Commercial reach in refrigerators are generally used in restaurants for short term food and ingredient storage, as opposed to large walk-ins that store bulk items long term.
The commercial reach in refrigerators available through eTundra.com are built for heavy duty use and have a more powerful compressor than residential refrigerators.
More horsepower means a refrigerator’s storage space cools quickly and stays cold despite constant door opening. This is vital for food safety, and NFS regulations require commercial kitchens to store food products at or below 40 degrees Fahrenheit.
Bottom vs. Top Mounted Compressors
The compressor is the engine of a commercial reach in refrigerator. Keeping this engine working effectively and efficiently requires a combination of maintenance and environment. Some compressors work better in certain environments than others, and purchasing the right unit for the job and location you have in mind is an important decision.
Commercial reach-in refrigerators are made with either a top or bottom mounted compressor. Top mounted and bottom mounted compressors have advantages and disadvantages, and it’s important to make your purchasing decision based on where and how you plan to use the refrigerator.
Bottom mounted reach ins:
- Are more efficient in hot environments because the compressor is on the floor, where it is cooler
- Feature an ergonomic storage space with more accessible shelving than top mounted units
- Should not be used where lots of flour (like a bakery) or dust is present as the compressor will clog easily
Top mounted reach ins:
- Have better compressor airflow than a bottom mounted unit, making them more efficient. However, this only applies in a cooler environment
- Perform better in dusty environments or where a lot of flour is present (like a bakery)
Size and Insulation
Commercial reach in refrigerators come in three configurations: one door, two door, and three door. Doors can also be halved for more compartmentalized storage. When considering what size reach in refrigerator is right for your commercial kitchen, keep in mind that the larger the unit, the more energy it will consume.
Energy Star has begun rating commercial reach in refrigerators. Use the Energy Star guide to identify units that are the most energy efficient.
Of course, energy usage must be weighed against the amount of storage space you need. Probably the most efficient way to organize your refrigerated storage space is in gradually smaller units the closer you get to the hottest part of the kitchen: the production line.
Start with a walk in for bulk storage, then a two or three door reach in refrigerator stocked with daily or weekly supplies, and finish with a one door reach in refrigerator nearest the line for quick and easy access by kitchen staff.
All commercial reach in refrigerators have thick insulation to maximize efficiency and cool air holding power. Stainless steel interiors are more expensive than aluminum or galvanized ones, but are stain and rust resistant, can withstand heavy use, and are much easier to clean and sanitize.

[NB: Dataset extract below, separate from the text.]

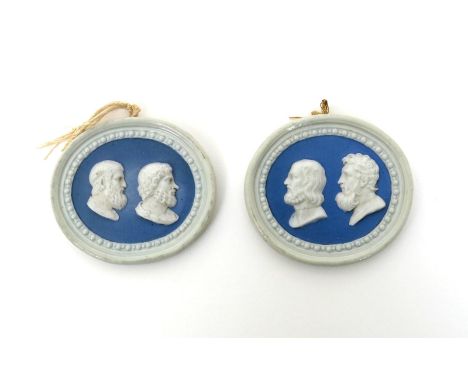 A rare pair of Doccia oval double portrait plaques, mid 18th century, each applied with two profile busts of Ancient Greeks,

Commercial Reach In Refrigerator Maintenance
Most commercial reach in refrigerators are designed for heavy duty use and should perform at a high level for many years. However, a few very simple preventive maintenance tasks will help ensure that your reach in refrigerator is working effectively and efficiently.
Keep the compressor and coils clean. The coils are usually black tubes that are packed together on the outside of the refrigerator on the back side. Wipe dust and dirt off coils and the compressor regularly to maximize life cycle and efficiency.
Make sure the compressor fan has good airflow. A partially blocked or very dirty compressor fan must work harder to cool the refrigerant in your reach in, shortening it’s life
Replace worn door gaskets. All commercial reach ins have thick self-sealing gaskets on their doors to make sure cold air can’t escape from the unit. Over time, these gaskets wear out and lose their effectiveness. A good indication your door gaskets need replacing is the constant presence of frost on shelves and food products.